Paris
A l'annonce de la reprise de l'établissement par le groupe Flo, une association loi 1901, "Les Amis du Balzar", se constitue aussitôt. Elle revendique 800 membres, des clients, des habitués. "Des universitaires, des comédiens, des journalistes, des personnalités, des gens du quartier, c'est une clientèle stable", déclare Lorenzo Valentin, président de l'association. Une association qui parle haut et fort et qui alerte les médias.
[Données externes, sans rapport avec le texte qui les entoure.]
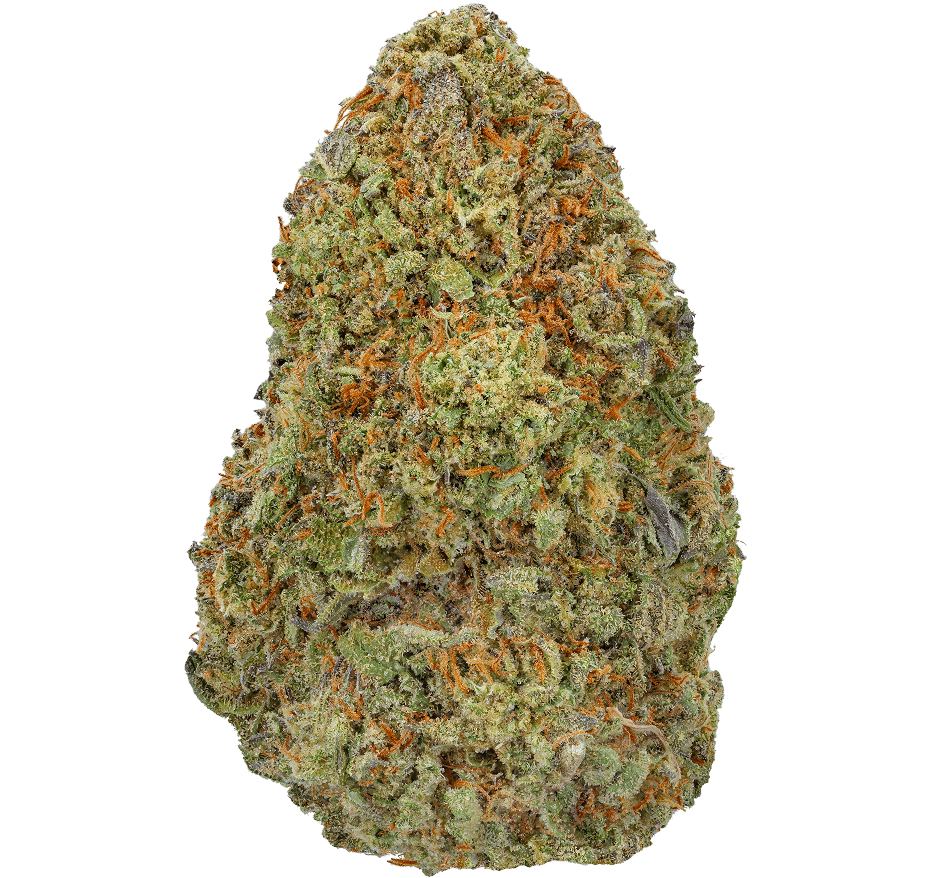 Yellow-Cake-Strain Yellow Cake Strain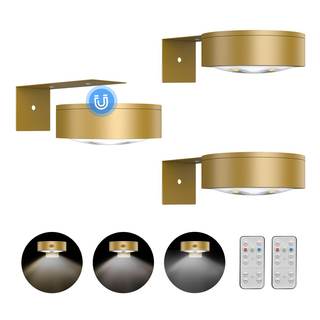 3Pack Picture Light Battery Operated Painting Lights for Wall Wireless Magnetic Display…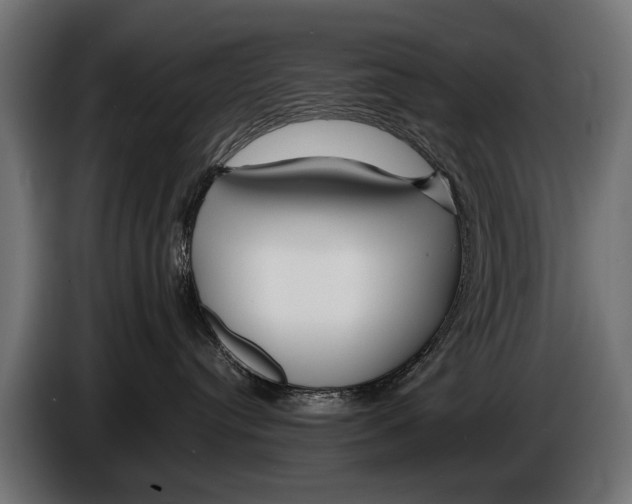 X0000086080384200704132109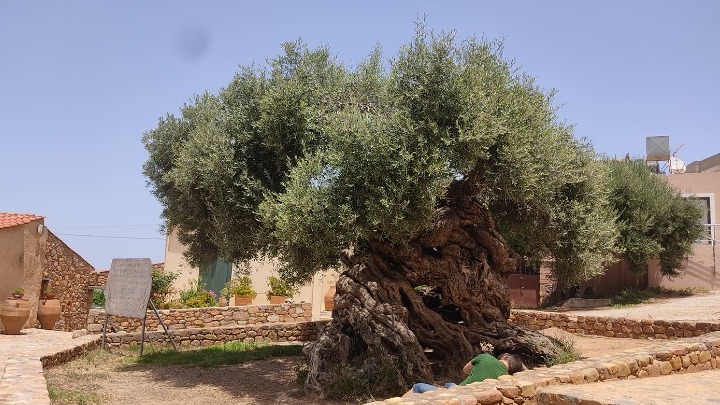 Εναλλακτικές μορφές τουρισμού: Απάντηση στις προκλήσεις που γεννά ο υπερτουρισμός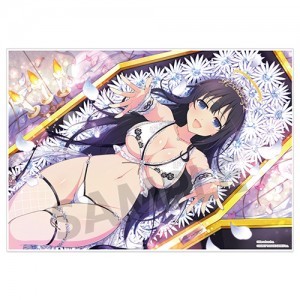 シノビマスター 閃乱カグラ NEW LINK ビジュアルアクリルプレート 両姫(乳籍祭)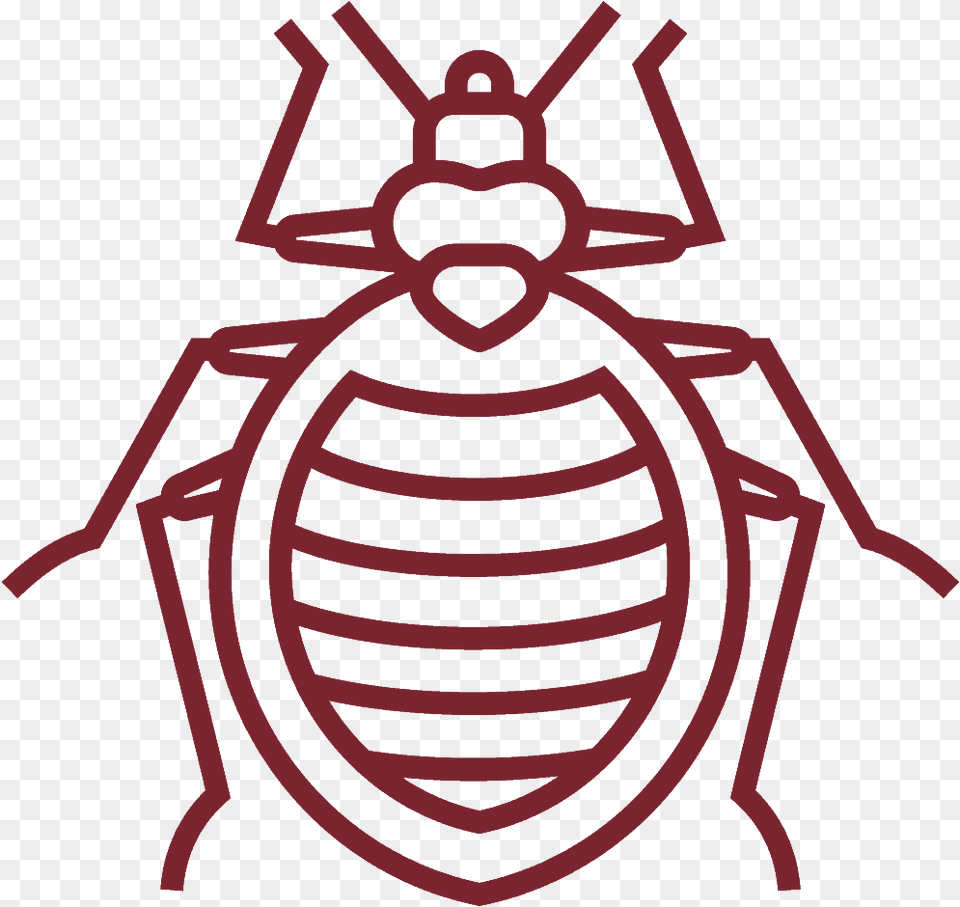 Bed Bug White Outline, Animal, Dynamite, Weapon, Cockroach Free Png Download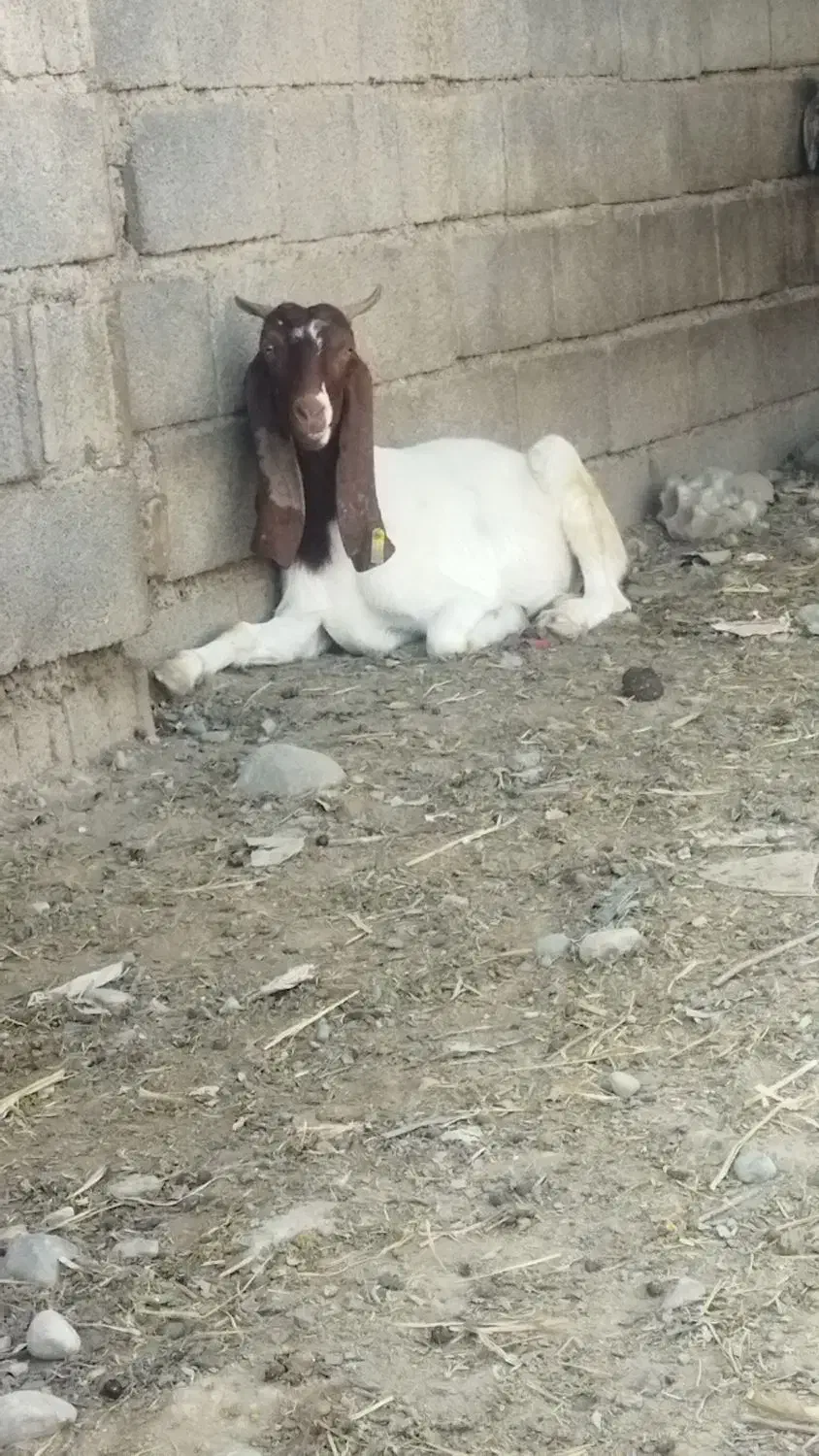 بز جوان|حیوانات مزرعه|علی‌آباد کتول, |دیوار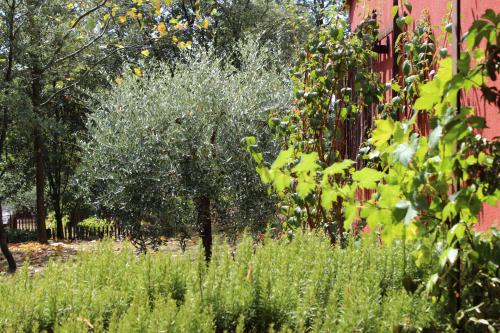 Poésies sur les jardins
Les Amis du Balzar entendent "défendre" leur brasserie et comme toute action de lobbying, transparaît en filigrane la menace du boycott de l'établissement. "Ce n'est pas une attaque contre le groupe Flo, tient à préciser Lorenzo Valentin. Les méthodes qu'il applique dans ses brasseries ne nous regardent pas. Mais le type de restauration que l'on y retrouve nous semble impersonnel et la cuisine un peu uniforme. Au-delà de la cuisine, c'est un type de rapport avec le personnel qui est efficient mais pas personnalisé. Il ne faut pas appliquer cette recette au Balzar. Le Balzar est un endroit authentique, une institution, que nous souhaitons préserver. Nous disons seulement : attention ! L'esprit du lieu repose sur un fragile équilibre. Nos revendications : l'indépendance de la cuisine, la liberté de ton et la chaleur dans le service et une autonomie de gestion garantie."
Incompréhension
Côté Flo, ces revendications ont été entendues et le groupe tente de rassurer
l'association expliquant qu'il est bien dans ses intentions de conserver les atouts du
Balzar : son cadre au charme d'antan, la convivialité du service et la qualité de la
cuisine. Pourquoi changer une recette qui fonctionne ? Ce sont d'ailleurs ces atouts qui
ont conduit Jean-Paul Bucher à se porter acquéreur. Cette levée de boucliers, ce
procès d'intention... Chez Flo, on ne comprend pas. De même qu'on apprécie modérément
les critiques concernant la qualité de la cuisine et du service exprimées par les
membres de l'association et reprises dans la presse. Une publicité dont il se passerait
volontiers d'autant que ces déclarations sont perçues comme totalement injustes et sans
fondements.
Quant au Balzar lui-même, Jean-Paul Bucher s'est engagé en personne à conserver le lieu
tel qu'il est. "Nous n'avons rien changé, confirme Jean-Luc Delouche, nouveau
directeur de la brasserie. Même cuisine, mêmes fournisseurs". Le chef, M. Sauvet,
fait le même constat : "Cela fait 25 ans que je travaille au Balzar. J'ai toujours
les mêmes fournisseurs pour faire les mêmes plats dans la même cuisine. Il n'y a aucun
changement". Version différente d'un autre cuisinier, Gérald Barthélémy :
"Il y a eu quelques petits changements en cuisine. Certains produits sont
différents. On avait des responsabilités, on n'en a plus. On ne correspond pas à
l'image du groupe Flo".
Pour Jean-Marie Prost, directeur des brasseries du groupe Flo : "Toute la cuisine est
réalisée sur place. Pour la pâtisserie, nous aurions pu nous fournir auprès de notre
labo pâtisserie, mais nous avons conservé le pâtissier attitré du Balzar. Le seul
changement, qui va dans le sens de la qualité, ce sont les glaces qui viennent désormais
de Flo Prestige. On peut organiser une dégustation tout de suite, les clients verront
qu'ils sont gagnants."
Revendications
Pour le personnel, le changement se traduit tout d'abord par l'arrivée d'un
directeur, Jean-Luc Delouche. Un directeur qui assure également le service. Aussi, la
répartition du tronc, c'est-à-dire les 15 % de service payés sur chaque addition et
reversés au personnel, inclut désormais le nouveau directeur. Les serveurs et maîtres
d'hôtel évoquent donc une perte de salaire qu'ils n'acceptent pas et ont engagé une
action en référé. Ils refusent aussi le passage de 6 à 5 jours de travail hebdomadaire
qui entraînerait une nouvelle perte de pouvoir d'achat. "Ces questions entrent dans
le cadre de la loi, elles seront réglées dans ce cadre, nous ne faisons qu'appliquer la
convention collective", dit Jean-Marie Prost.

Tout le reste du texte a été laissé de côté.